Start the copy at the line containing "Majoituspalvelu Nurmi Apartments" and run it through the last line of the records. Repeat each line exactly; omit pictures.

RAW DATA:

--

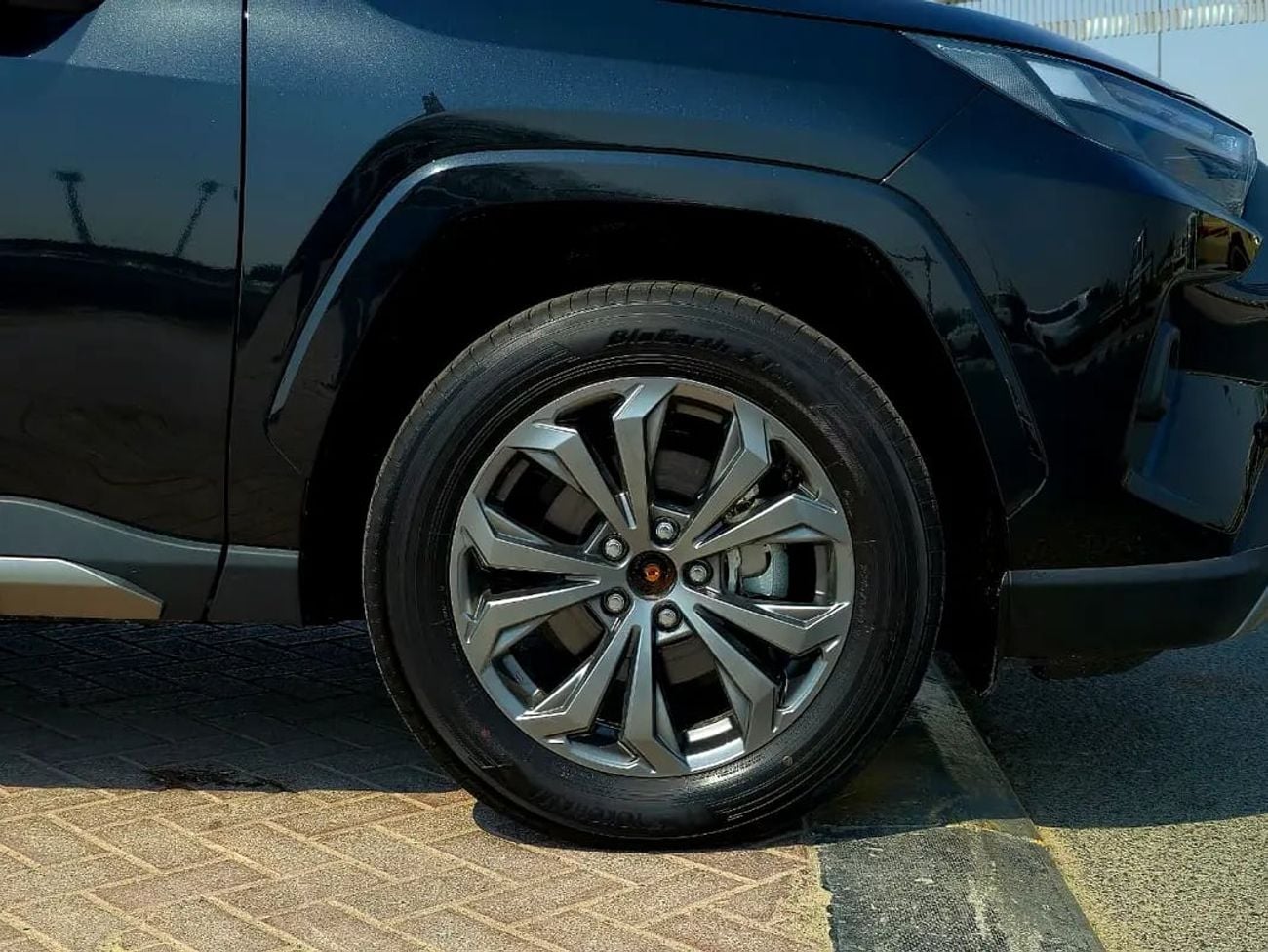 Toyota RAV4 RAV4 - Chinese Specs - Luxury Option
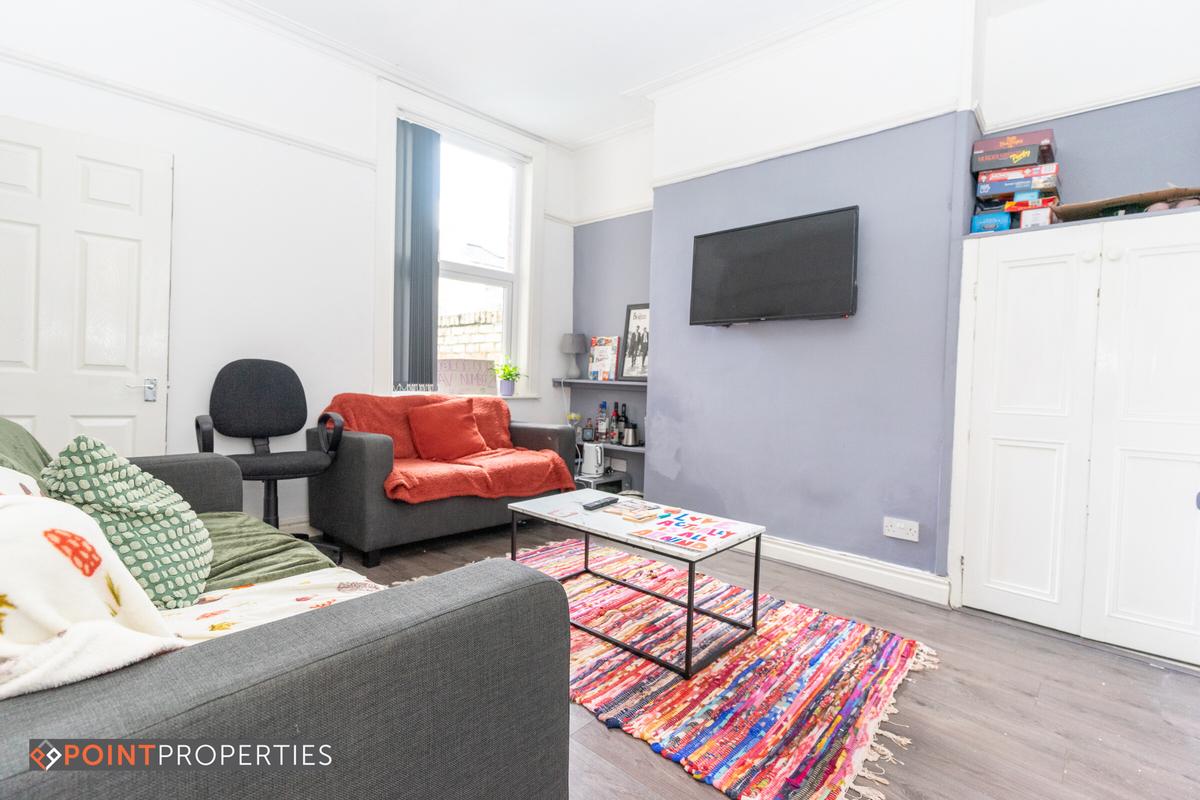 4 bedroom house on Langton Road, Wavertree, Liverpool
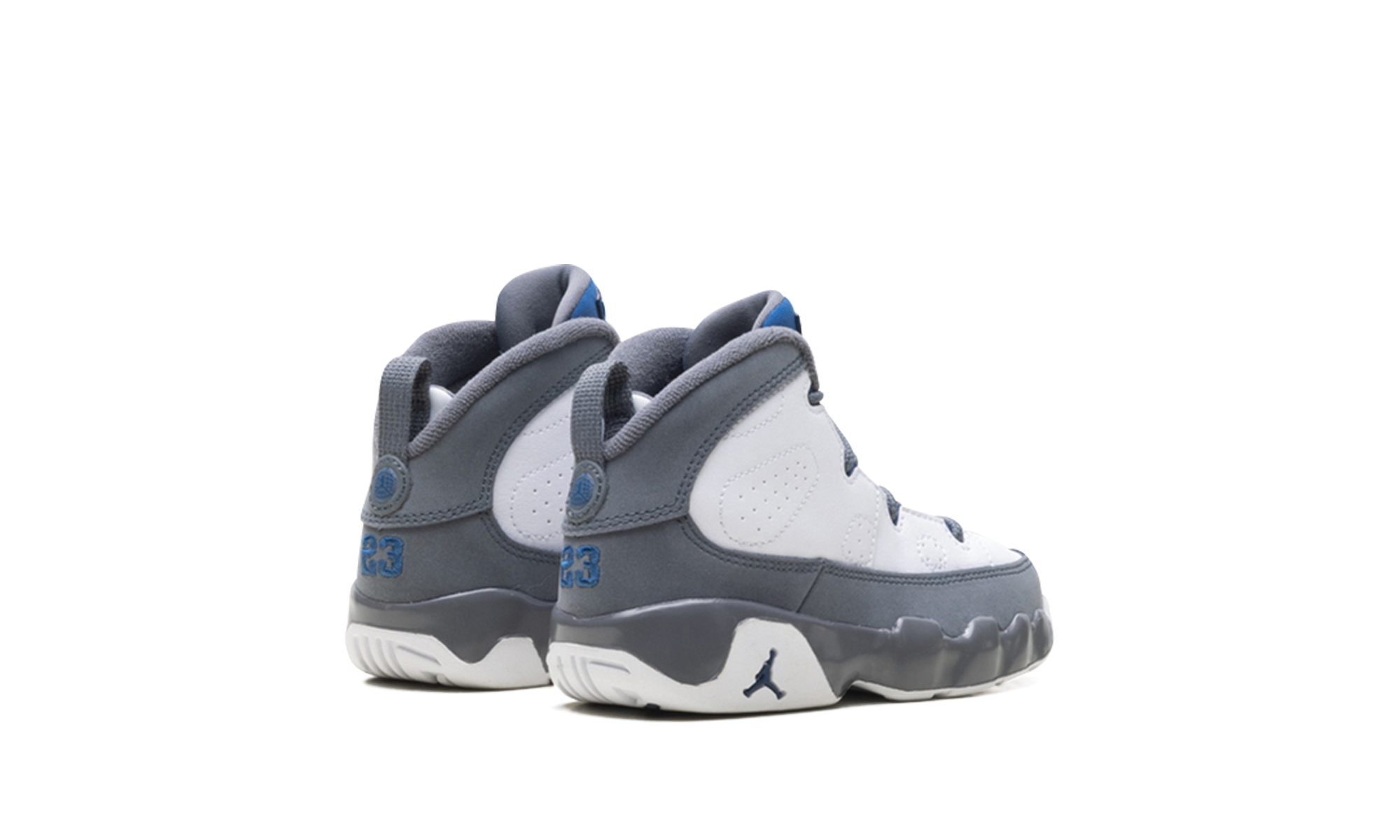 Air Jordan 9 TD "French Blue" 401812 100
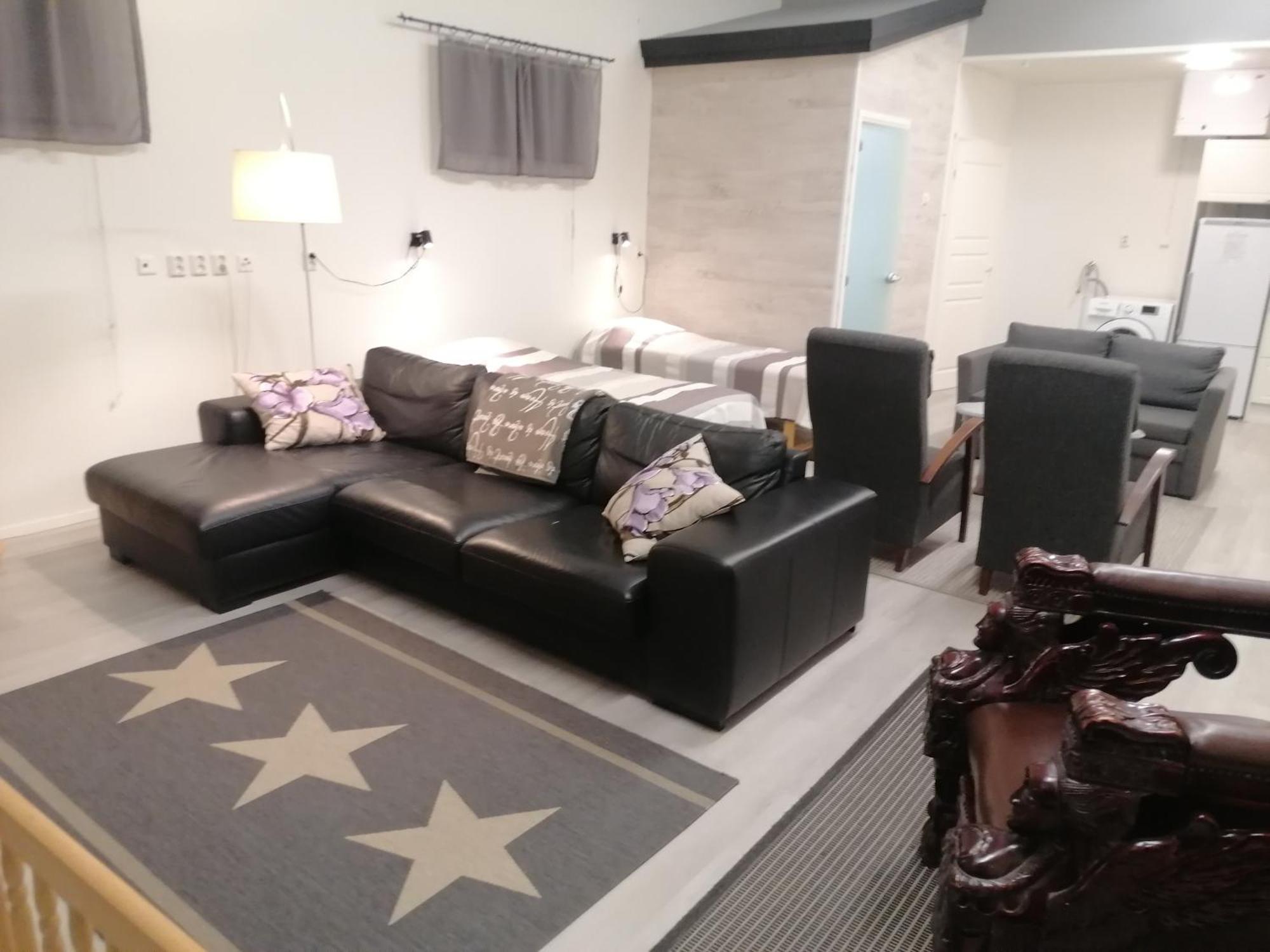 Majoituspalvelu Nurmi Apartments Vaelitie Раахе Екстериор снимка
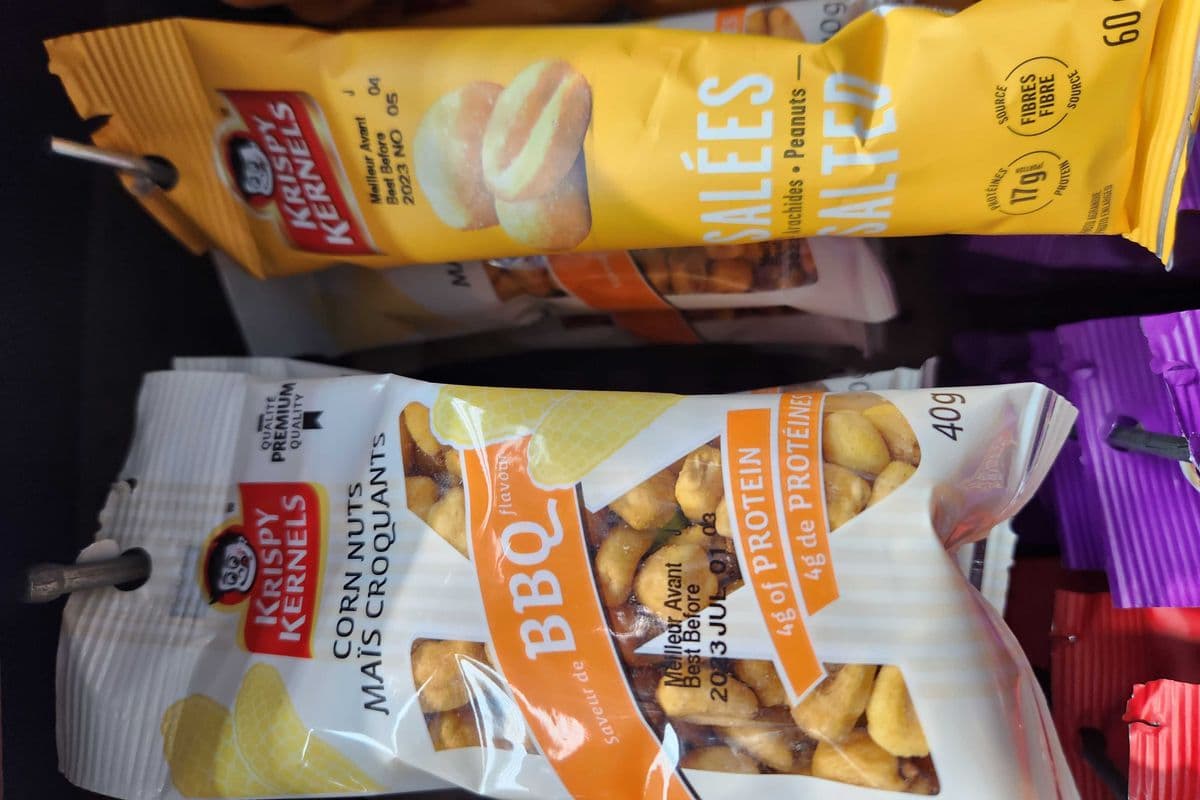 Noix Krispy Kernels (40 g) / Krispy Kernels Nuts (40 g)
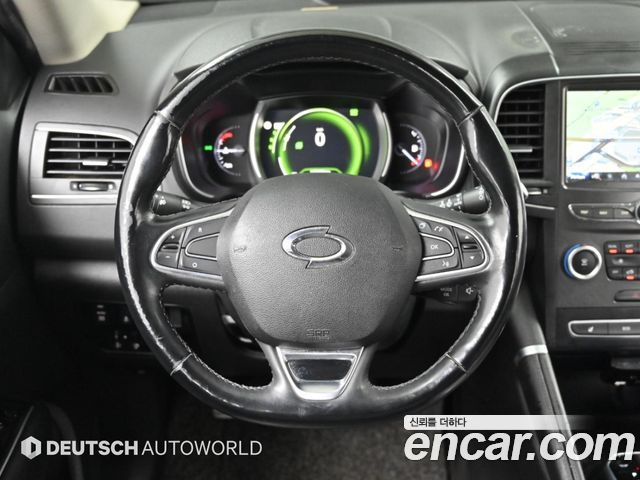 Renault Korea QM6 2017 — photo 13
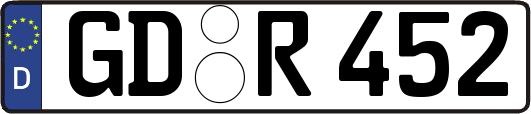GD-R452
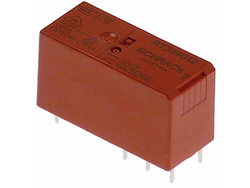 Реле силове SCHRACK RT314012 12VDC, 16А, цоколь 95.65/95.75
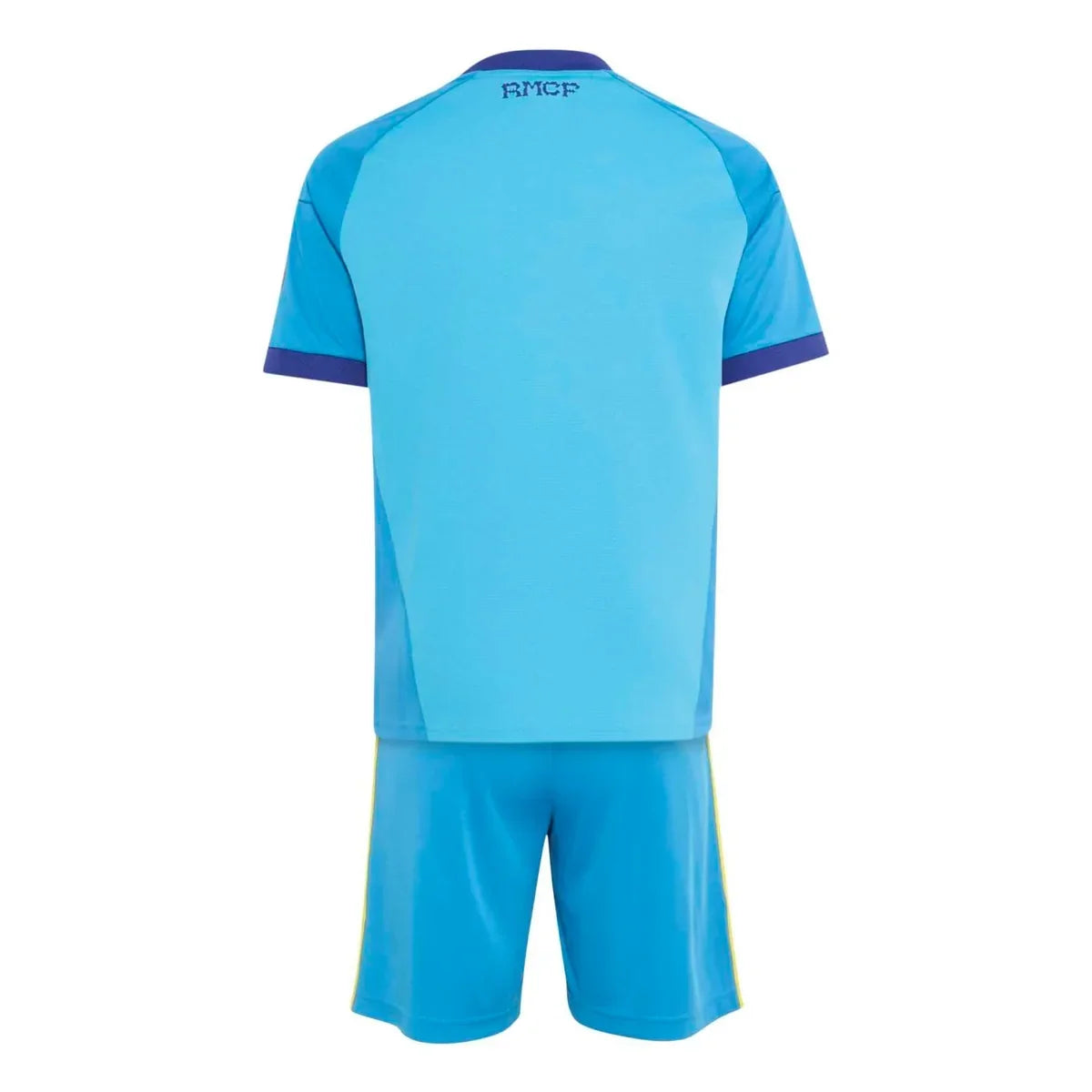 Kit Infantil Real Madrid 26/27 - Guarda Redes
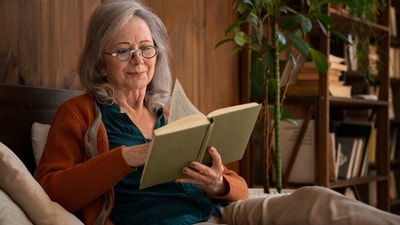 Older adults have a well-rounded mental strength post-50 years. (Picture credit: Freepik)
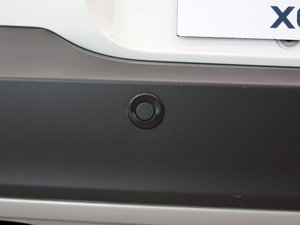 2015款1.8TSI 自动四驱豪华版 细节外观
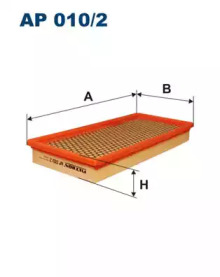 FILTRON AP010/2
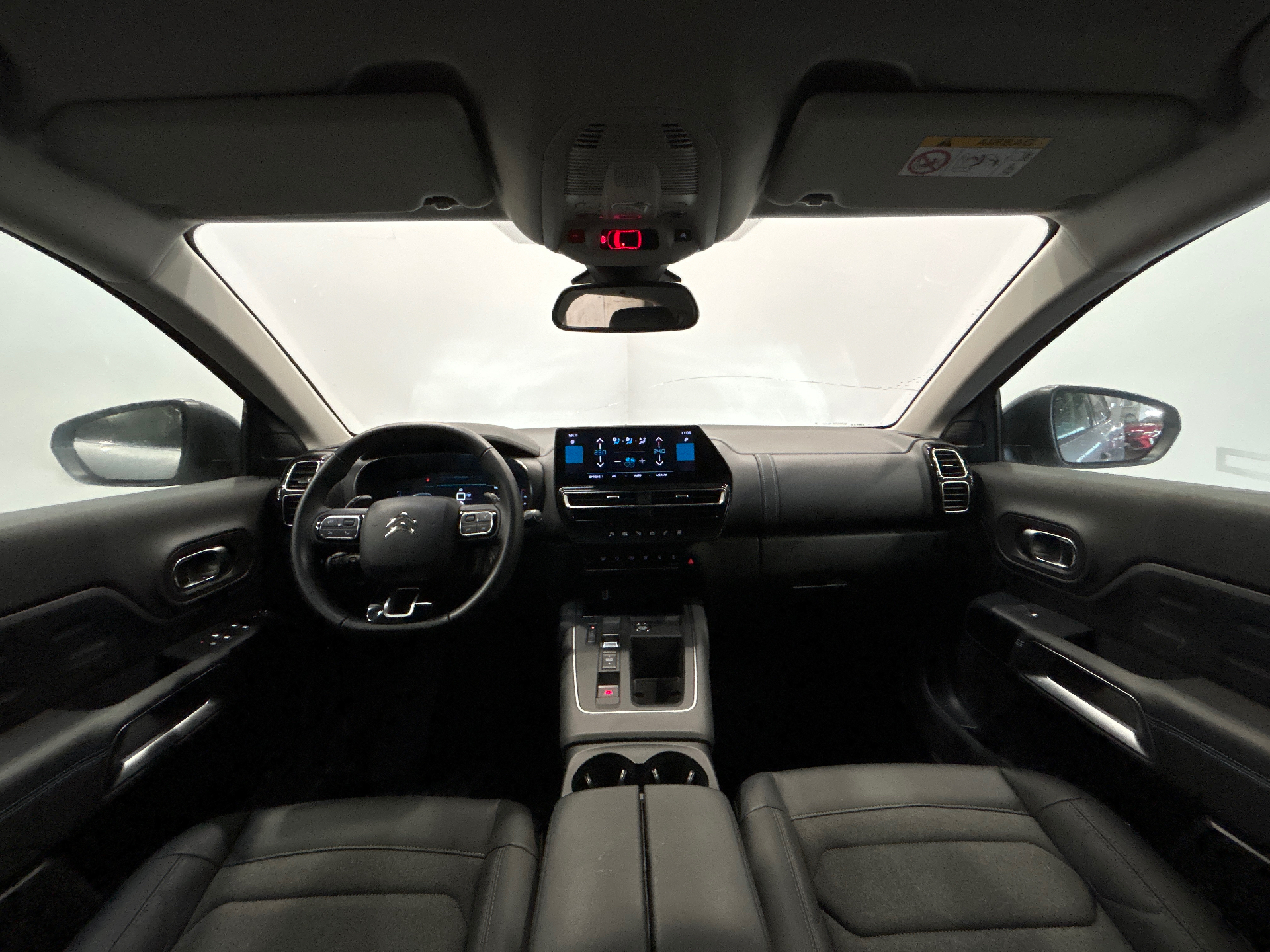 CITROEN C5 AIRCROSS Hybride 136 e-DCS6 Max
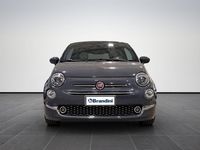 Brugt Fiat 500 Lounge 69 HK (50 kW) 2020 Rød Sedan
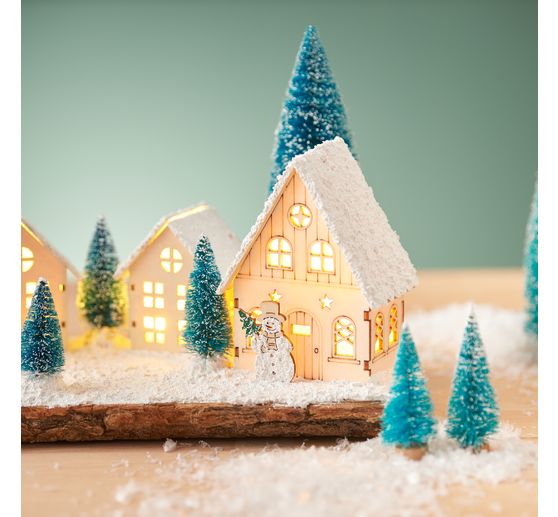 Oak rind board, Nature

--

RESULT OF THIS EXERCISE:
 Majoituspalvelu Nurmi Apartments Vaelitie Раахе Екстериор снимка
 Noix Krispy Kernels (40 g) / Krispy Kernels Nuts (40 g)
 Renault Korea QM6 2017 — photo 13
GD-R452
 Реле силове SCHRACK RT314012 12VDC, 16А, цоколь 95.65/95.75
 Kit Infantil Real Madrid 26/27 - Guarda Redes
 Older adults have a well-rounded mental strength post-50 years. (Picture credit: Freepik)
 2015款1.8TSI 自动四驱豪华版 细节外观
 FILTRON AP010/2
 CITROEN C5 AIRCROSS Hybride 136 e-DCS6 Max
 Brugt Fiat 500 Lounge 69 HK (50 kW) 2020 Rød Sedan
 Oak rind board, Nature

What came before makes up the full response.